I am back in the Midwest after a two-week trip to the Deep South. This trip was the first time in many years I had spent an extended time in the south.
For the past eight years, I have lived in an old neighborhood in St. Paul, MN. Affectionately dubbed “Hoyt Village” our community consists of three moms, one dad and six girls, plus two dogs and a variety of other animals.
One of the moms and I share a number of commonalties. We are both raising daughters later in life, an unintended result of life circumstances neither expected. We are white, our daughters are not. Her twin daughters are from the Democratic Republic of Congo and my teen-aged granddaughter is bi-racial. Both of us spent our childhood and much of our adult life in the Deep South before moving to St. Paul. We share a rich heritage and history growing up as Southern Baptists during the years of civil rights, which ingrained in us a committed social activism. Daily, we dance the dance of balancing professional careers with being single parents. We have no doubt that God planted us across the street from each other!
Last week Hoyt Village moved temporarily to the beaches of South Carolina. The three moms and six girls joined another female friend at an old beachfront house where we built sand castles, walked the beach, swam in the ocean, followed the ‘footprints to the ocean’ of a newly hatched sea turtle and ate lots of fresh seafood! The other mom in our group hails from SD and her only other visit to the south had been a recent trip to Disney World. South Carolina’s Low Country is quite a different cultural experience than the Black Hills of South Dakota!
Our six daughters range in age from 6 to 14 and represent the variety of possibilities of skin color. Cierra, my granddaughter and the oldest has skin color that makes me think of café mocha or milk chocolate, the twins are a brilliant ebony hue. My next door neighbor’s girls are fair, the oldest two pale creamy beige and freckled with strawberry blonde hair. Their sister and the youngest of our neighborhood family, has albinism, leaving her skin and hair almost translucent in its absence of color. Each one is incredibly beautiful!
I have said before that race is a cultural construction and not anchored in biology. Race doesn’t matter. It doesn’t and yet, it does. Each of these girls’ life journey is shaped in a variety of ways because of the color of her skin. They are subtly and not-so-subtly judged, evaluated, acknowledged, welcomed, and critiqued because of their skin.

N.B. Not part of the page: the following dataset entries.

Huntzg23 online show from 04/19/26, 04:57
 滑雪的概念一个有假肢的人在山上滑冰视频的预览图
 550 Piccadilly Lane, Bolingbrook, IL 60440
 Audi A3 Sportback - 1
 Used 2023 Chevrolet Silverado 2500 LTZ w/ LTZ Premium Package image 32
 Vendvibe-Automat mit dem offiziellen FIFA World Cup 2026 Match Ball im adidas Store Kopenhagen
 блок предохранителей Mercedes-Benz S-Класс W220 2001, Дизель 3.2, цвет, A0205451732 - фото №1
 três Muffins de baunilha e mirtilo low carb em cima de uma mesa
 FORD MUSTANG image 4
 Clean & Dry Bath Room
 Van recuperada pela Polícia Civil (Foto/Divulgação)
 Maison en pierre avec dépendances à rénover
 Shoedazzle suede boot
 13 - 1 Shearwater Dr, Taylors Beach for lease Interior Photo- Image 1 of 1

This again became apparent in a conversation I had with Cierra in the middle of our beach trip. Her life experiences have taught her that race matters. One afternoon, after an outing to a nature museum and lunch, Cierra asked this question: “Have you noticed that you only see African Americans doing the dirty jobs here? They pick up the trash, they do the construction work; they buss the tables. I haven’t seen any black people working in nice jobs, like waiting on tables, working as clerks in the stores. Why is that?” How do you even begin to answer that question. In our house, we have a saying, “Here she goes again,” a reference to me kicking into teacher mode with a complicated response to an often simple question. So, I said to her, “Okay, this is one of those times when I’m going to give you the teacher’s response, because there is no simple answer here.” I responded by saying that the playing field of opportunity is not the same for everyone. Some people have greater access to the paths that lead to greater opportunity and more often than not those people have a lighter skin tone. It’s about money or the lack of it, it’s about education or the lack of it, it’s about who you know or don’t know, it’s about history. . . . . As I droned on, Cierra in frustration, interrupted me and said, “The answer is simple, ‘it’s about skin color.’” In her fourteen years, she has already learned that lesson over and over again.